== Captioned web images ==
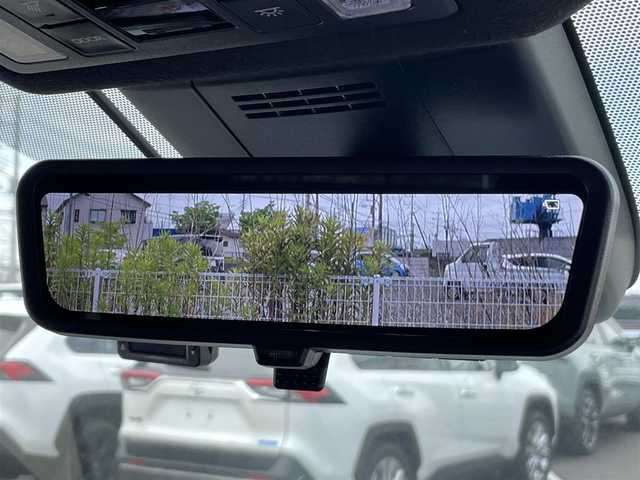 トヨタ ヴォクシー ハイブリッド S－Z 茨城県 2023(令5)年 0.9万km ホワイトパールクリスタルシャイン 純正ナビ/【AM・FM・TV・BT・USB・ＣＤ・ＤＶＤ】/快適利便パッケージHigh/ハンズフリーデュアルパワースライドドア（挟み込み防止機能付）/パワーバックドア（挟み込み防止機能・停止位置メモリー機能・パワーバックドアスイッチ〈車両サイド〉付）/ナノイーX/ステアリングヒーター/キャプテンシート追加機能：シートヒーター、オットマン（2WD車のみ）、角度調整付アームレスト（2WD車のみ）/電動リアゲート/両側パワスラ/BSM/HUD/デジタルインナーミラー/レーダークルコン/Ｂカメラ/ETC2.0/前方ドラレコ/前後コーナーセンサー/ブレーキホールド/100V電源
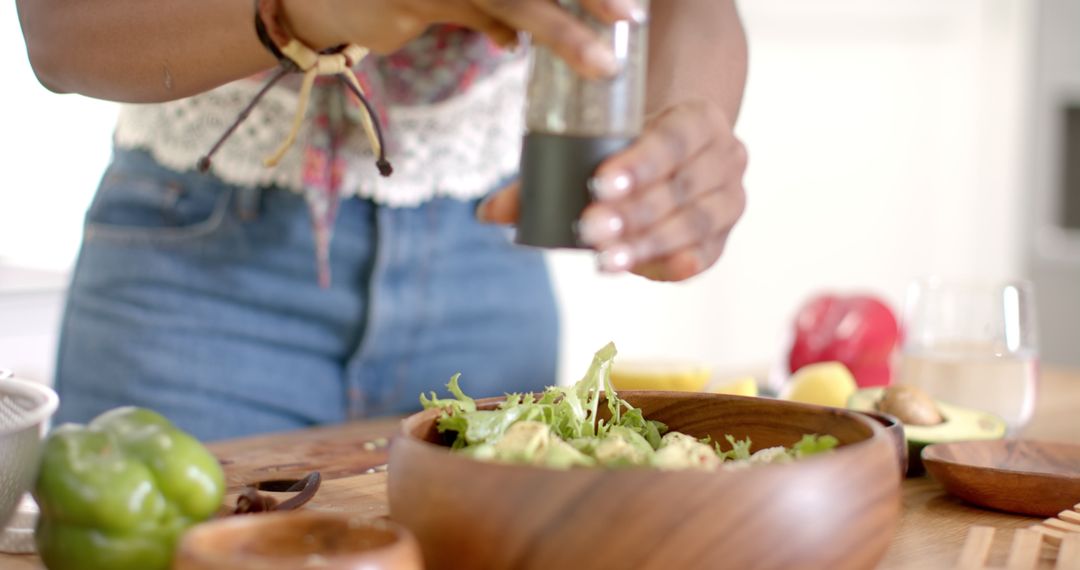 Woman Seasoning Fresh Salad in Modern Kitchen Setting
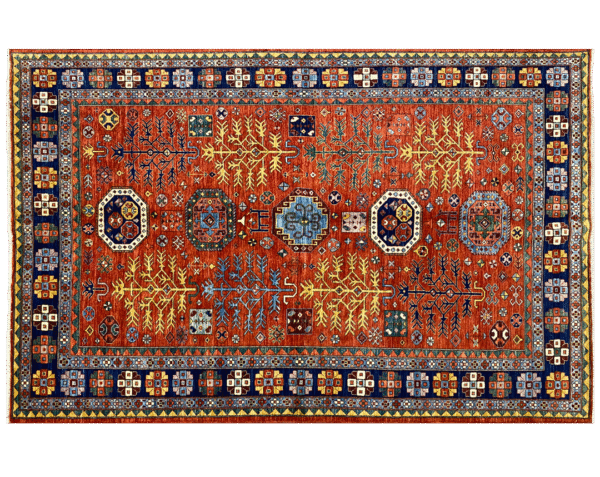 Bold large rug with deep red/rust tones and a blue border. This area rug is hand-knotted with wool.
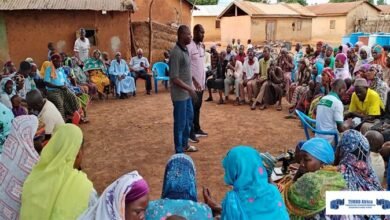Dr Kwabahson, the Acting Manager of GII at a field engagement with farmers.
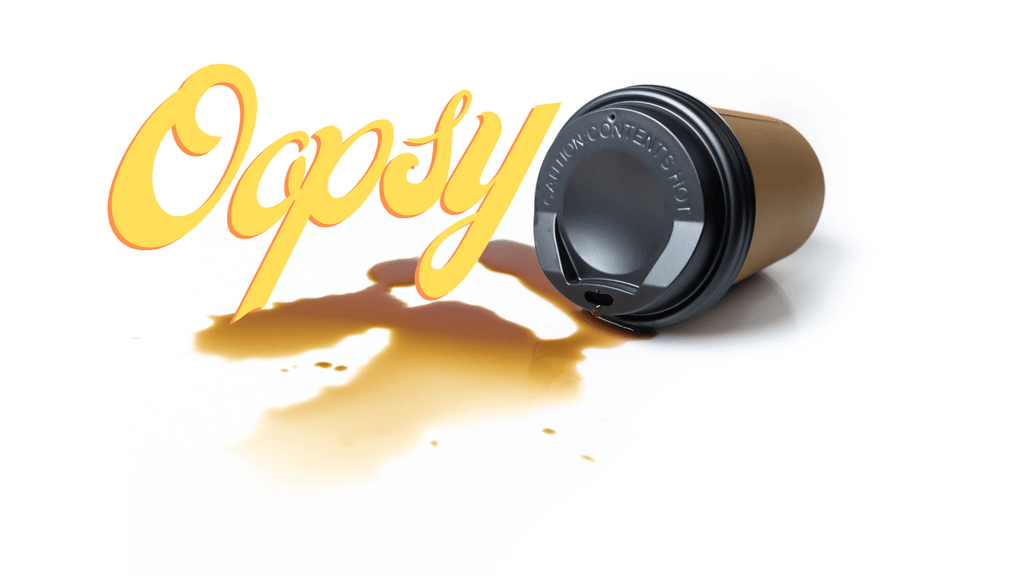 Spilled coffee cup on a white background and the word Oopsy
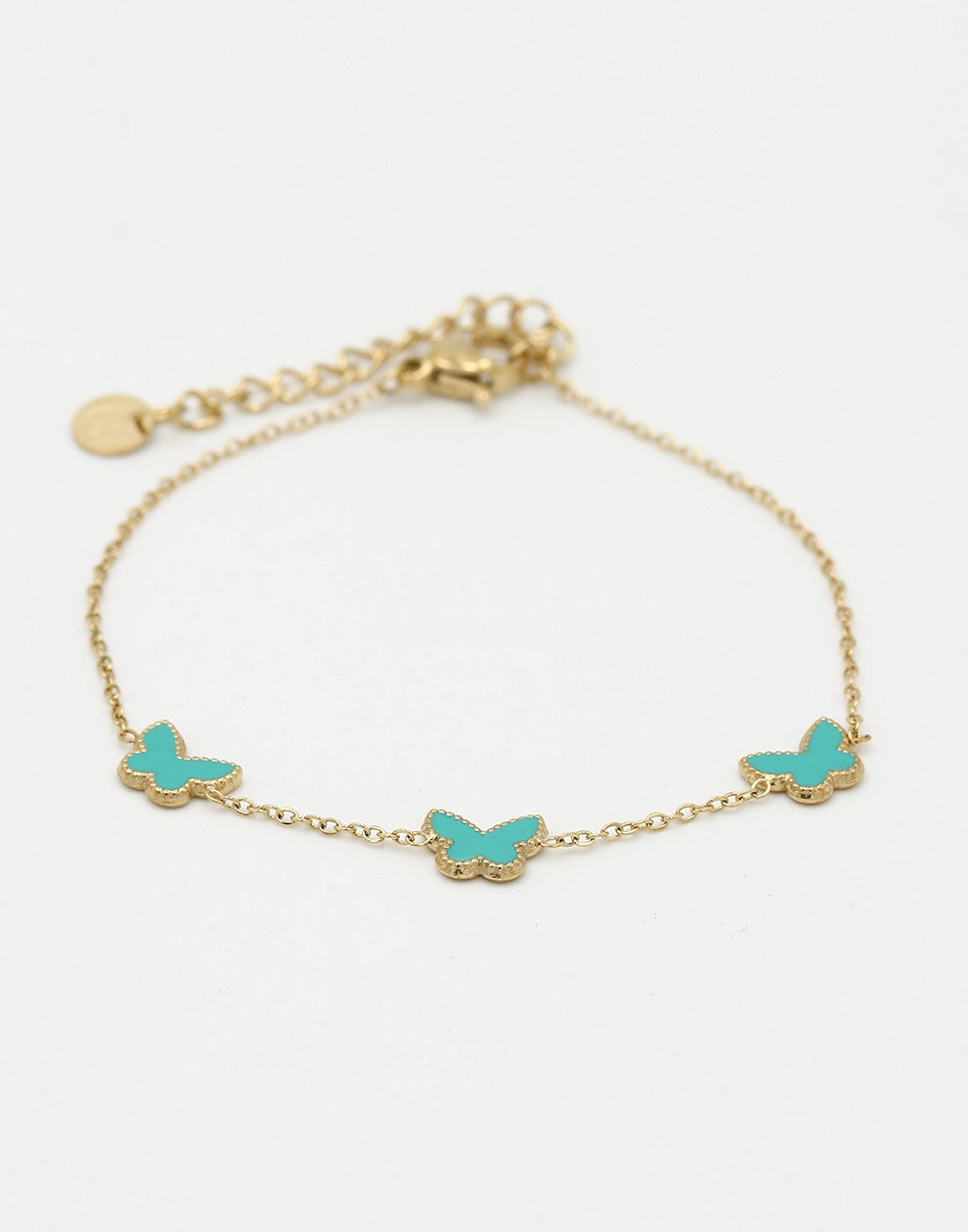 Armband vlinders turquoise goudkleurig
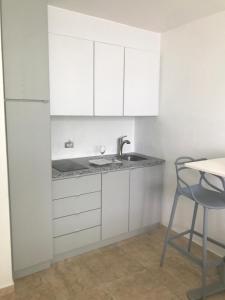een keuken met witte kasten, een wastafel en een tafel bij Water Front Peaceful Apartment in San Juan +6 foto's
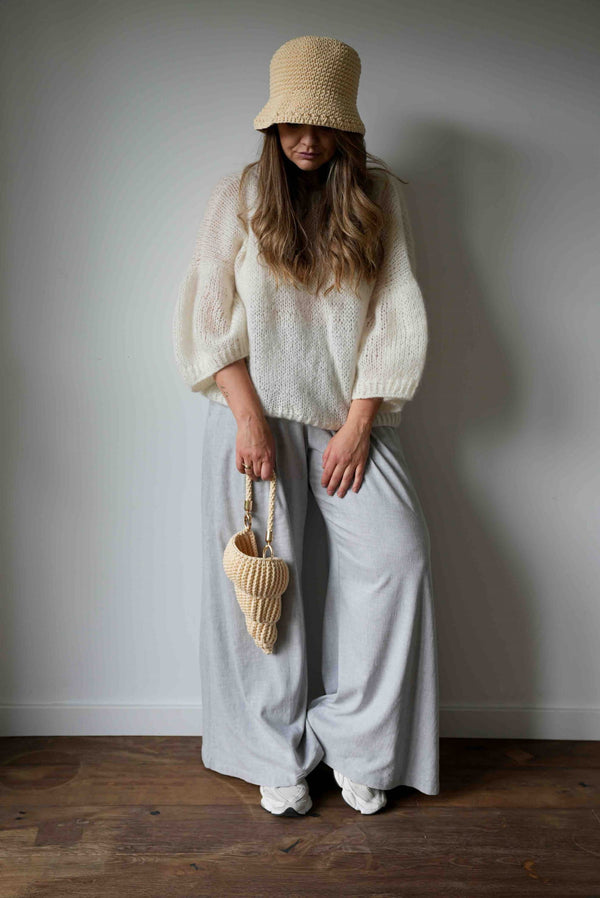Stojąca kobieta w swetrze, torebką muszelka i w bawełnianym kapeluszu w odcieniu masełkowym Sirka handmade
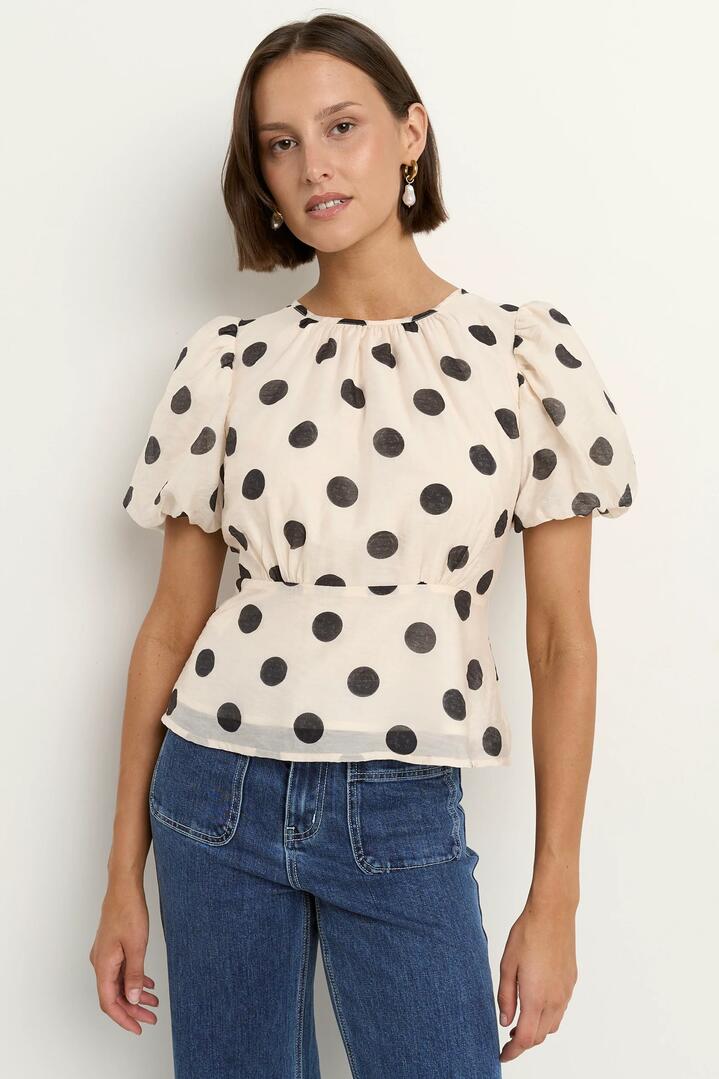 Image of a model wearing Tops. Product name - Finali Cream Black Polka Dot Puff Short Sleeve Top in Cream Black Polka Dot colour by brand - Stories be Told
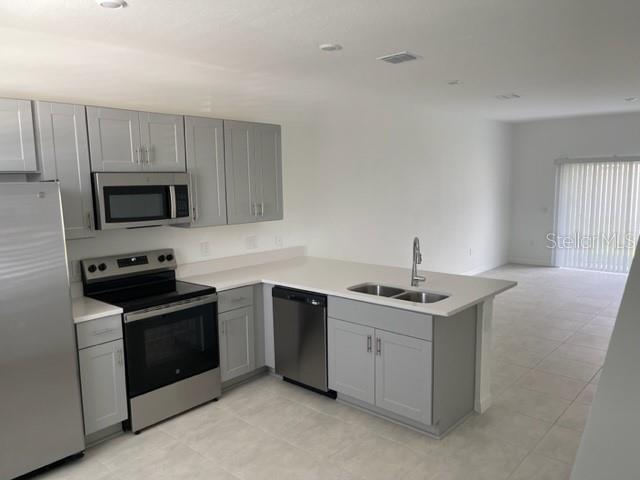 A modern kitchen features gray cabinets, stainless steel appliances, and white countertops — 3158 SKYLINE LOOP, KISSIMMEE, FL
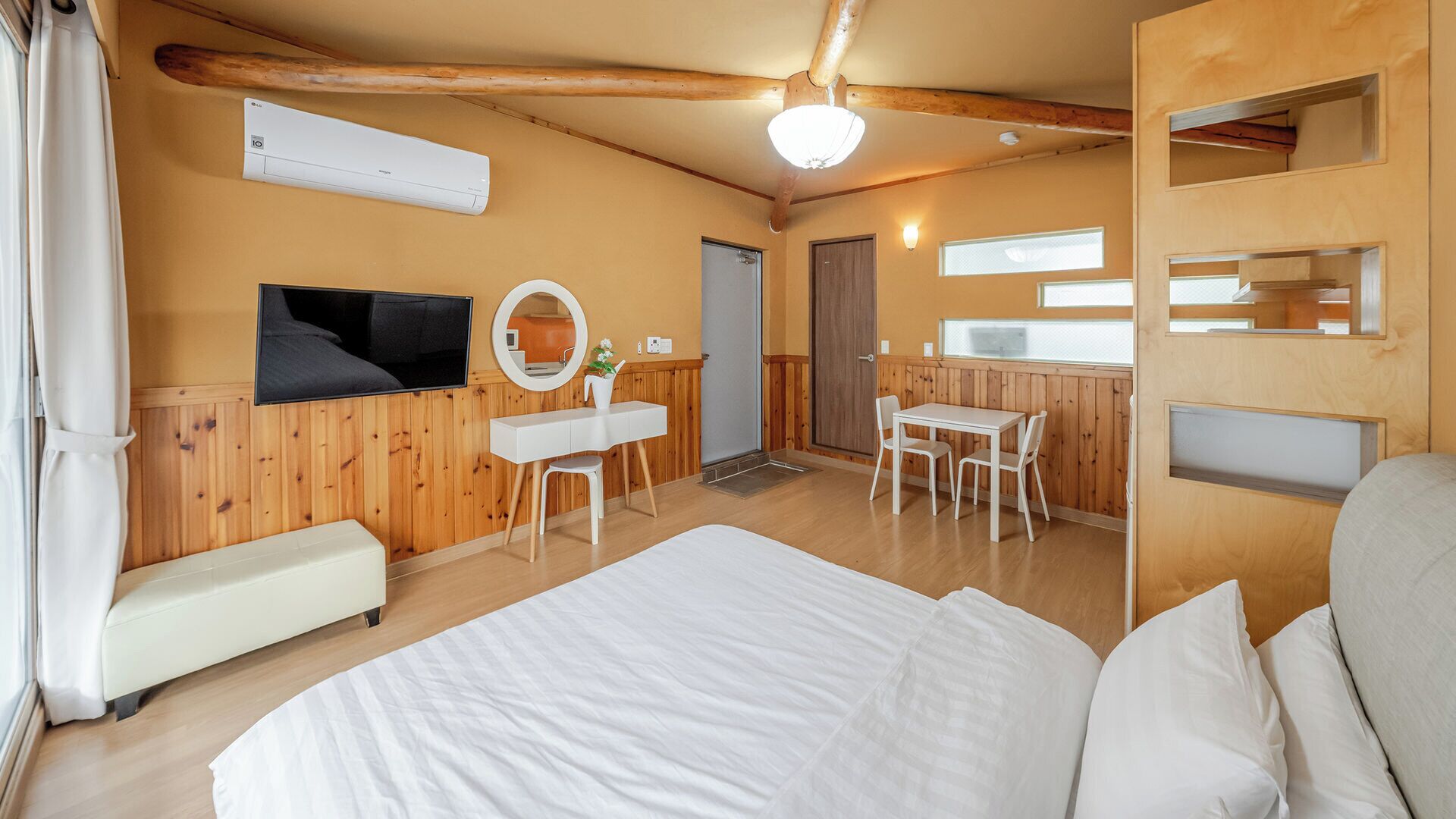 Una habitación con cama, escritorio, silla, espejo y ventana.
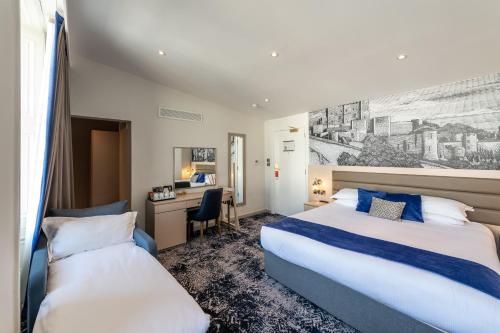 a hotel room with two beds and a desk at Dover Marina Hotel & Spa, Tapestry Collection by Hilton in Dover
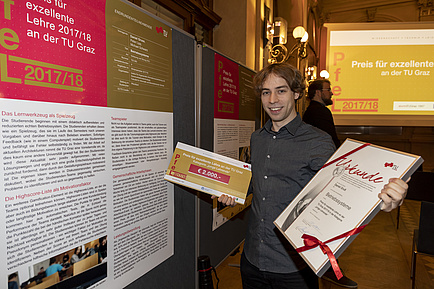 A man is holding a tribute in his right and left hand. To the left of him is a poster wall showing a poster in A1 format.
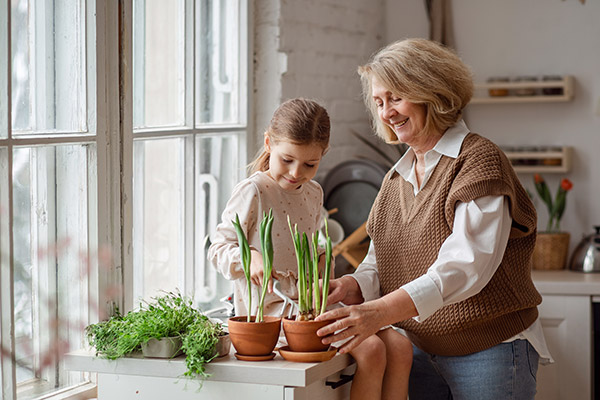 a woman and young girl watering house plants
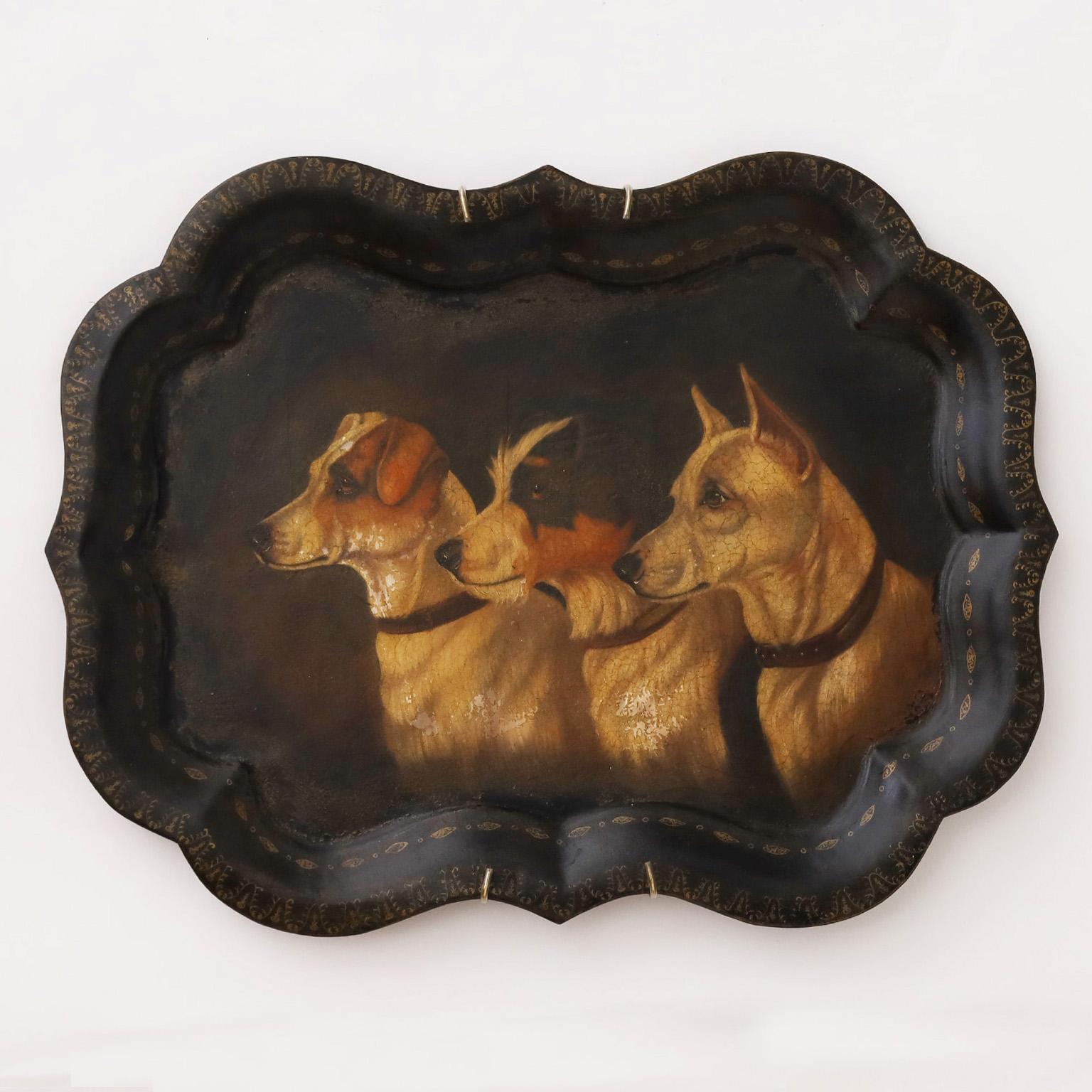 Lofty pair of 19th century scalloped tole serving trays now wall hangings each masterfully painted with portraits and spirits of three dogs including terriers, a retriever, and a pug forever angels. Priced individually.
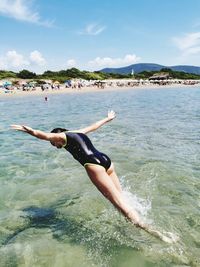 Man surfing in sea against sky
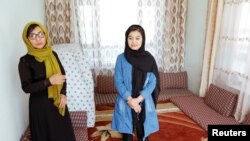 Shamsia Alizada, 18, right, who has come in at the top in her country's university entrance exams, stands beside her mother after an interview at her home in Kabul, Afghanistan, Sept. 25, 2020.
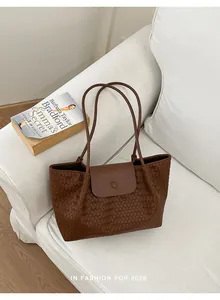 Large brown woven tote bag for women featuring a sleek flap and commuter style.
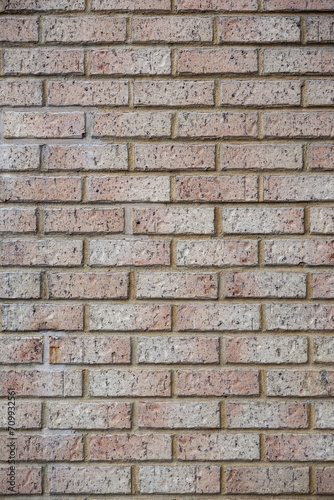 Modern beige brick wall background texture. Home and office interior design backdrop.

== YOUR OBJECTIVE ==
Above are the records; restate exactly the lines from the one containing "Armband vlinders turquoise goudkleurig" through the one containing "A modern kitchen", keeping pictures out.

== RESULT OF THE EXERCISE ==
 Armband vlinders turquoise goudkleurig
een keuken met witte kasten, een wastafel en een tafel bij Water Front Peaceful Apartment in San Juan +6 foto's
Stojąca kobieta w swetrze, torebką muszelka i w bawełnianym kapeluszu w odcieniu masełkowym Sirka handmade
 Image of a model wearing Tops. Product name - Finali Cream Black Polka Dot Puff Short Sleeve Top in Cream Black Polka Dot colour by brand - Stories be Told
 A modern kitchen features gray cabinets, stainless steel appliances, and white countertops — 3158 SKYLINE LOOP, KISSIMMEE, FL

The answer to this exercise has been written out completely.